Required work:
What you write must match, character for character, the lines from the one with "Душевая кабина Triton" down to the one with "Part Location Diagram" in the listing below, minus its pictures.

Provided data:
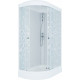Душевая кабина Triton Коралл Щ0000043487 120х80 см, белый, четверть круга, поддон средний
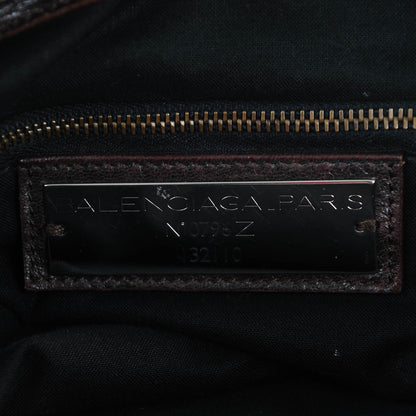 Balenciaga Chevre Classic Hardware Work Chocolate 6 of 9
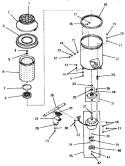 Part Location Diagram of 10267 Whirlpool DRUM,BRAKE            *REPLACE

--

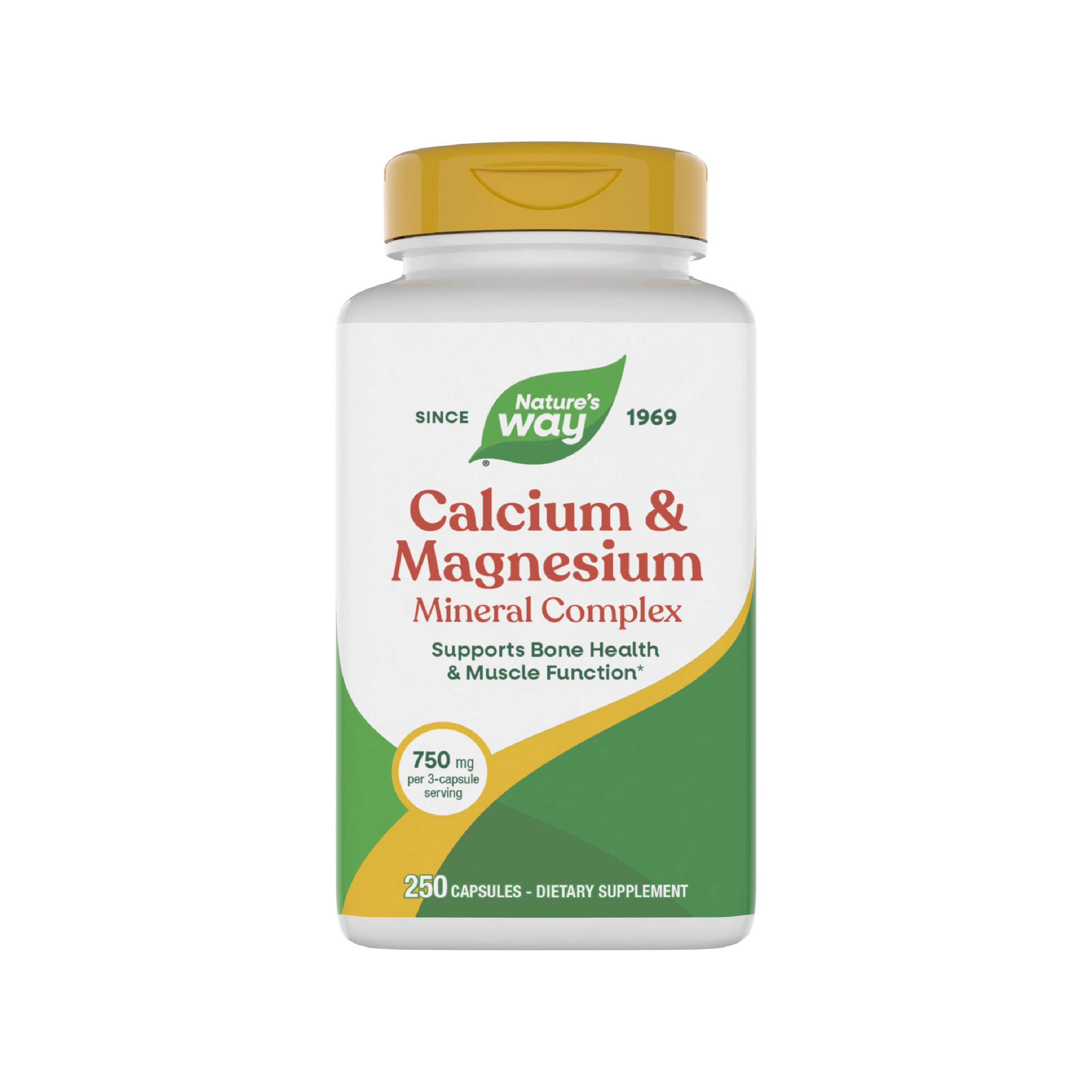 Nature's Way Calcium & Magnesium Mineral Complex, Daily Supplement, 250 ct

Response to this task:
Душевая кабина Triton Коралл Щ0000043487 120х80 см, белый, четверть круга, поддон средний
 Balenciaga Chevre Classic Hardware Work Chocolate 6 of 9
 Part Location Diagram of 10267 Whirlpool DRUM,BRAKE            *REPLACE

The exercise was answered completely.